DIRECTIONS: Using the material that follows, output exactly the lines from the one containing "All rights reserved.5月28日（金）、全世界同時公開" through the one containing "Back & married with PICS!!!", with both ends kept.
◇ ◇ ◇ ◇ ◇
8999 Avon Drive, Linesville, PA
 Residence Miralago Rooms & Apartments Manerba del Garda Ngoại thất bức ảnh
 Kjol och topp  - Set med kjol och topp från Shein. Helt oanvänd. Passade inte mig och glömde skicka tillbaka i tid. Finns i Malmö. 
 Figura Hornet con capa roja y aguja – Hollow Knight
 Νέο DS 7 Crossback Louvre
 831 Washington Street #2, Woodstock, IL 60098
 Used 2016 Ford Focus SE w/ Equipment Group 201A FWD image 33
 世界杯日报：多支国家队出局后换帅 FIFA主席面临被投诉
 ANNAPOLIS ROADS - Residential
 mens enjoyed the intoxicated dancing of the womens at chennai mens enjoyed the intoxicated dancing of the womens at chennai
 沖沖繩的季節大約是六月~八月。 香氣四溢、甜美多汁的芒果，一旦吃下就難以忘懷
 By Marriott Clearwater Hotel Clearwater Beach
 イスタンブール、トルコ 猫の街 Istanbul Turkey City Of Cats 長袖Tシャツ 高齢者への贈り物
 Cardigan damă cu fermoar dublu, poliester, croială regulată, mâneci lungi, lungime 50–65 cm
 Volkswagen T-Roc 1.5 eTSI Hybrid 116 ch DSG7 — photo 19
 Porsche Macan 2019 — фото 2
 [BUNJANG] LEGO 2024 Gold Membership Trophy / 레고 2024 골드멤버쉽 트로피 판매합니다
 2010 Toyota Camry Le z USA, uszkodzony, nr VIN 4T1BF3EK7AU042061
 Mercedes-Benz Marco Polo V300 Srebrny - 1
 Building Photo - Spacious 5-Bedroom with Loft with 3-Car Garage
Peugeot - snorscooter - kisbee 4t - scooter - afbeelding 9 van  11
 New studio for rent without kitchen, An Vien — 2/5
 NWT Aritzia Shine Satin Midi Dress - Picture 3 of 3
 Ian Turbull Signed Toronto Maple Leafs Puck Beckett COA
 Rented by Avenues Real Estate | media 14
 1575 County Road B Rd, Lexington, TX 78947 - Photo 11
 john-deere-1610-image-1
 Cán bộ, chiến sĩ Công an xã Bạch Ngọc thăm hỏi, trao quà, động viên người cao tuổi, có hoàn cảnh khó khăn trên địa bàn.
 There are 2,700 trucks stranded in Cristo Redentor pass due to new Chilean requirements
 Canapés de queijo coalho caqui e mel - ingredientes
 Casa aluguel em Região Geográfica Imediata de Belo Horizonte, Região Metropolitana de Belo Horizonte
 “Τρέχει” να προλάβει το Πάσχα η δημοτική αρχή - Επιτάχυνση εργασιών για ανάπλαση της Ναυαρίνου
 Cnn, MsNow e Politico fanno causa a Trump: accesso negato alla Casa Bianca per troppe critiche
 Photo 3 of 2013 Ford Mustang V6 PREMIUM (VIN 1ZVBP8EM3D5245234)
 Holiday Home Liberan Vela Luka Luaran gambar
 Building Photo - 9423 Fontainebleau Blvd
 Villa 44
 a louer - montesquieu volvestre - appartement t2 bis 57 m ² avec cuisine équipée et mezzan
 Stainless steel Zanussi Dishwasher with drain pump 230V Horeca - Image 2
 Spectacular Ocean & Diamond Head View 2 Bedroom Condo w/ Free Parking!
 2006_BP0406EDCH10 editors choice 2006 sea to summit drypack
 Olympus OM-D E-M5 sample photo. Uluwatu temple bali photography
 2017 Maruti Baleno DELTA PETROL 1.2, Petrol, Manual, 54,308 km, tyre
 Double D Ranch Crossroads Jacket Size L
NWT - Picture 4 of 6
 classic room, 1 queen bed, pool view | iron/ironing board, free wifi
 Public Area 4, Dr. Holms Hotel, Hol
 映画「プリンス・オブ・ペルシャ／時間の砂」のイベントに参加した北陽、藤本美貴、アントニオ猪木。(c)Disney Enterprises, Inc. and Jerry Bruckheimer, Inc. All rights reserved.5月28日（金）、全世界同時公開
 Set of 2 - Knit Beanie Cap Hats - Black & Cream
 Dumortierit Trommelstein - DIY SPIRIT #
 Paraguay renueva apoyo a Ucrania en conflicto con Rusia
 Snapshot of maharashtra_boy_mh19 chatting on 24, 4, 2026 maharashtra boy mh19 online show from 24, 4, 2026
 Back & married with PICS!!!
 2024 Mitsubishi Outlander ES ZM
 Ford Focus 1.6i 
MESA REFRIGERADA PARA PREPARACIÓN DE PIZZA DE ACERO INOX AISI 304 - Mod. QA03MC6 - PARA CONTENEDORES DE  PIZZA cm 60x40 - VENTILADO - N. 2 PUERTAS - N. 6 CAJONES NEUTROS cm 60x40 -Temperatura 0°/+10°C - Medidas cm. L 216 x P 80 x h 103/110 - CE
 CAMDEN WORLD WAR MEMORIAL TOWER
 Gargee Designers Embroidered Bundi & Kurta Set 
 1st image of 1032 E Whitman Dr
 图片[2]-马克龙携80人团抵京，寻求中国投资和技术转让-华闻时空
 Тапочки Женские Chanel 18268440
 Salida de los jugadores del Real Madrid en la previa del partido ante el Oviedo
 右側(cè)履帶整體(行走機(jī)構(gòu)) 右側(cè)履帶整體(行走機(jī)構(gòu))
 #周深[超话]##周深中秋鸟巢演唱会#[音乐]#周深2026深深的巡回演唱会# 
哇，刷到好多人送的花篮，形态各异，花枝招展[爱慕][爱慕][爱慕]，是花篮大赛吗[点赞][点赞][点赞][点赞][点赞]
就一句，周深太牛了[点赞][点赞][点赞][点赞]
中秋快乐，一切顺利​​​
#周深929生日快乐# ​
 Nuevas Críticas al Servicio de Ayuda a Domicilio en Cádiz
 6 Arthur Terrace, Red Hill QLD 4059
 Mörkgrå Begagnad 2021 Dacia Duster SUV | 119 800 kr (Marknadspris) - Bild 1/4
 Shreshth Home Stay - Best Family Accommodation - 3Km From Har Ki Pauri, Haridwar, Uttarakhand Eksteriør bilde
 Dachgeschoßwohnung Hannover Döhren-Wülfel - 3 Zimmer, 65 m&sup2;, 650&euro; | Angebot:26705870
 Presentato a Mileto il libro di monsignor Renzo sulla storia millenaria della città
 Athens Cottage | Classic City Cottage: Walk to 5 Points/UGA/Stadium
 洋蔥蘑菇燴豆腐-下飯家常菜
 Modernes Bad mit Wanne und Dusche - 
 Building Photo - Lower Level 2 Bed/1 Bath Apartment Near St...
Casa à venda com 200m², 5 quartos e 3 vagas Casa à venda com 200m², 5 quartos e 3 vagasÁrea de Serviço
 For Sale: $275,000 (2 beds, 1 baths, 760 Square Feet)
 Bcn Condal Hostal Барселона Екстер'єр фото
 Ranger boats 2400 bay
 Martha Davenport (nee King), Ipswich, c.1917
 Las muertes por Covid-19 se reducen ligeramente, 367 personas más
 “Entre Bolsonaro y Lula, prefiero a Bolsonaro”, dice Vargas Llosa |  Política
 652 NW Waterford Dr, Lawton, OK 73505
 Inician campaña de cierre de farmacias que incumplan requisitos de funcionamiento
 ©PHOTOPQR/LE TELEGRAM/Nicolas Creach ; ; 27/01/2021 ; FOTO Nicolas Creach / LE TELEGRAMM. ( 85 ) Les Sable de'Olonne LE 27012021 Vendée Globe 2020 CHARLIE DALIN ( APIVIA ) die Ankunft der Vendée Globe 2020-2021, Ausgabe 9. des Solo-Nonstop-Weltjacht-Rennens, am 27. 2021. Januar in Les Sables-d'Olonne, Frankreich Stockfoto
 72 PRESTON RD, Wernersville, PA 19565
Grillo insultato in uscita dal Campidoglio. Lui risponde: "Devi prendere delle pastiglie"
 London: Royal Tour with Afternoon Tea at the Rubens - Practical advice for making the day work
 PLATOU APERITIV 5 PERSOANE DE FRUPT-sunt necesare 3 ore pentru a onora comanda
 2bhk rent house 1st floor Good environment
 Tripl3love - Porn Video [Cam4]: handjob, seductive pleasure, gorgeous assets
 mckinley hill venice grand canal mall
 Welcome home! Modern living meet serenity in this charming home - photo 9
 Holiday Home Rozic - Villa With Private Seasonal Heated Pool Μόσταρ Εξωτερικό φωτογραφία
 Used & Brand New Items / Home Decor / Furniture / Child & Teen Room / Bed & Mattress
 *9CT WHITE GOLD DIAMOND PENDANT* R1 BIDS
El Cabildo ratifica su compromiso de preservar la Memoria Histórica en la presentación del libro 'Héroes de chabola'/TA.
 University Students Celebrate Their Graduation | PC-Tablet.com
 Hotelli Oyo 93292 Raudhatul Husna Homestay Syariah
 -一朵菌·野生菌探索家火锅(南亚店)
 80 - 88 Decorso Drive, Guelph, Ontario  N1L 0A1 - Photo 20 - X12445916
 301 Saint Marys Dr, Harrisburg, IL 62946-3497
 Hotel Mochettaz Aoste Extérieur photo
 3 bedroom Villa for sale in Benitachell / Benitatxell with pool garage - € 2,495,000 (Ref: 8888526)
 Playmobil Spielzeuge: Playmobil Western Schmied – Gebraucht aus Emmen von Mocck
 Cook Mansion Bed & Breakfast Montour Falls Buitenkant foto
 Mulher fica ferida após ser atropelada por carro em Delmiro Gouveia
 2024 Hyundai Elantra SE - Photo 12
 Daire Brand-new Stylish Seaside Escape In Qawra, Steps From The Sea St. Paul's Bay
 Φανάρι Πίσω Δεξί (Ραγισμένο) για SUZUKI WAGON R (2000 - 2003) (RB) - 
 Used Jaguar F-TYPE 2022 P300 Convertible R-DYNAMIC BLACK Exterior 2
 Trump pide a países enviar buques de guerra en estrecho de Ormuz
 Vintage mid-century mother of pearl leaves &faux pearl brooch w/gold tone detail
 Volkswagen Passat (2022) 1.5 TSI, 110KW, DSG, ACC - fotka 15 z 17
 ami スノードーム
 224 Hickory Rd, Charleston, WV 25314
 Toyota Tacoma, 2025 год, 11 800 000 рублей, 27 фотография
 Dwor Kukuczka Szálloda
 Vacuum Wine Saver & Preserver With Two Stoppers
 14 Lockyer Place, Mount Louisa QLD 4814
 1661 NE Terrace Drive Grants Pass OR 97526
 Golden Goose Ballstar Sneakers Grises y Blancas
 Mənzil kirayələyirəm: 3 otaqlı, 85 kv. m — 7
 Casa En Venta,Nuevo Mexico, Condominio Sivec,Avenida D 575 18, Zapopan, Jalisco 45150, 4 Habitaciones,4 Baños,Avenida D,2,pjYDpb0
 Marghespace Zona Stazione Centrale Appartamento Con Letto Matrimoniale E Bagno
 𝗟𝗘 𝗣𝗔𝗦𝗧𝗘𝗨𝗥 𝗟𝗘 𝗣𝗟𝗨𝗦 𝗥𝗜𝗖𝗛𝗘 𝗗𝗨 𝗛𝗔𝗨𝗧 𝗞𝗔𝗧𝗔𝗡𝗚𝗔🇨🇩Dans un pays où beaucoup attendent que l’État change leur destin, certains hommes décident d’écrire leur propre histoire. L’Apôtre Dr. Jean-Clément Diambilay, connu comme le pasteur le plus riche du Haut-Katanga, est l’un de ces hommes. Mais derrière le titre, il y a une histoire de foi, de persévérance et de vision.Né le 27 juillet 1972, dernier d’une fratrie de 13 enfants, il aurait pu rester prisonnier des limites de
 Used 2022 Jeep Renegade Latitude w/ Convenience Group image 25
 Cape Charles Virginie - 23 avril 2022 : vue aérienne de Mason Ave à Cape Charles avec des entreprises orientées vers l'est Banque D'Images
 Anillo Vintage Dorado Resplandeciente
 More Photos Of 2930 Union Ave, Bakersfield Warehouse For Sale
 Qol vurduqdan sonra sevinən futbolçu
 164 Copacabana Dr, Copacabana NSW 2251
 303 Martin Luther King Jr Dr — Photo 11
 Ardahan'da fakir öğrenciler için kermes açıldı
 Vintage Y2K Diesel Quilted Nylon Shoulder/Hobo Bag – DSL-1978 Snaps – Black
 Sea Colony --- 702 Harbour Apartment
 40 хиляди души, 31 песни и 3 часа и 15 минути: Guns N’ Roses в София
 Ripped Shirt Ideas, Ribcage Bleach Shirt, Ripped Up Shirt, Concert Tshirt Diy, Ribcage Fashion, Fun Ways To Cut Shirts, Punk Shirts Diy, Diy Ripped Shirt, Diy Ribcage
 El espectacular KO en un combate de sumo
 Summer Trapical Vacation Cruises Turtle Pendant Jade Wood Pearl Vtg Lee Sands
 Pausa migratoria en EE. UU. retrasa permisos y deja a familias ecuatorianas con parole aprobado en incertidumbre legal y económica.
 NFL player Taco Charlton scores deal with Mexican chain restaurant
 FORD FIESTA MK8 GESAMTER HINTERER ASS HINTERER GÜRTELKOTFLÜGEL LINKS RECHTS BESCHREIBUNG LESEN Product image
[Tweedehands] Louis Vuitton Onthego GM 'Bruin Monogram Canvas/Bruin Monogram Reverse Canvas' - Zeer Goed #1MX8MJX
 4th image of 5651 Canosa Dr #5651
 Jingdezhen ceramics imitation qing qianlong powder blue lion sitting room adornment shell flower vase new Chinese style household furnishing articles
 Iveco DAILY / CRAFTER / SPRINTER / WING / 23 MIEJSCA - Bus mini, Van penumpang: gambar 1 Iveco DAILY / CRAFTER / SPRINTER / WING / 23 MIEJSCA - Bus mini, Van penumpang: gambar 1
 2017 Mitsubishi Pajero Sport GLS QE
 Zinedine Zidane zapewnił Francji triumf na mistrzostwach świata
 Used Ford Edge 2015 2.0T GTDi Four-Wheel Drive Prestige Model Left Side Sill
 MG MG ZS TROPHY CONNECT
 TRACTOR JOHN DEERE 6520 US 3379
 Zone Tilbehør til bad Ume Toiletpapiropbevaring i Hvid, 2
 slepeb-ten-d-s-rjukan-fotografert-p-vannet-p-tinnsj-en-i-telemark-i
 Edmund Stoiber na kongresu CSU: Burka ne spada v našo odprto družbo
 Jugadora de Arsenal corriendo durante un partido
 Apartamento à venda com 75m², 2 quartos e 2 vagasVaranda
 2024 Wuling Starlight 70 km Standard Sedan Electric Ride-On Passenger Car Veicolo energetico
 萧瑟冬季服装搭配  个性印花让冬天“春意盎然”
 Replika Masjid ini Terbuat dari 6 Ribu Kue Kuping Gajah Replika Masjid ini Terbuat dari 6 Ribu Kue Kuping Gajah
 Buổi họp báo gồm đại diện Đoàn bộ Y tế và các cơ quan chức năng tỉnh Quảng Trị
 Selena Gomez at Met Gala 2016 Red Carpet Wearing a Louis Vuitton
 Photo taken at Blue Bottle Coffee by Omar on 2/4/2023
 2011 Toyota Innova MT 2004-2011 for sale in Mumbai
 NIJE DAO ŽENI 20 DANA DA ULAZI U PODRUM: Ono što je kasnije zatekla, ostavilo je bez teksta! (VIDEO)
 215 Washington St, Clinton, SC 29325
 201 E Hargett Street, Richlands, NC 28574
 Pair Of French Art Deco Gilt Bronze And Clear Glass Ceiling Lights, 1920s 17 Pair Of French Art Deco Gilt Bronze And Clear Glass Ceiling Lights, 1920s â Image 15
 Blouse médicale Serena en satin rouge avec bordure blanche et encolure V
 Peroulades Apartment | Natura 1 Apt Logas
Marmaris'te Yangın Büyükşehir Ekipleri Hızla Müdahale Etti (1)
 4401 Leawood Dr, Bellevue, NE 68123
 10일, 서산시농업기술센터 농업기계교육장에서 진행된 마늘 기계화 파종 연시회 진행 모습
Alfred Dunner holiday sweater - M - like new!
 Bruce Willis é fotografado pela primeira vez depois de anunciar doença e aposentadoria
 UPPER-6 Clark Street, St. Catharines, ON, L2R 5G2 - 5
◇ ◇ ◇ ◇ ◇
TASK ANSWER:
 映画「プリンス・オブ・ペルシャ／時間の砂」のイベントに参加した北陽、藤本美貴、アントニオ猪木。(c)Disney Enterprises, Inc. and Jerry Bruckheimer, Inc. All rights reserved.5月28日（金）、全世界同時公開
 Set of 2 - Knit Beanie Cap Hats - Black & Cream
 Dumortierit Trommelstein - DIY SPIRIT #
 Paraguay renueva apoyo a Ucrania en conflicto con Rusia
 Snapshot of maharashtra_boy_mh19 chatting on 24, 4, 2026 maharashtra boy mh19 online show from 24, 4, 2026
 Back & married with PICS!!!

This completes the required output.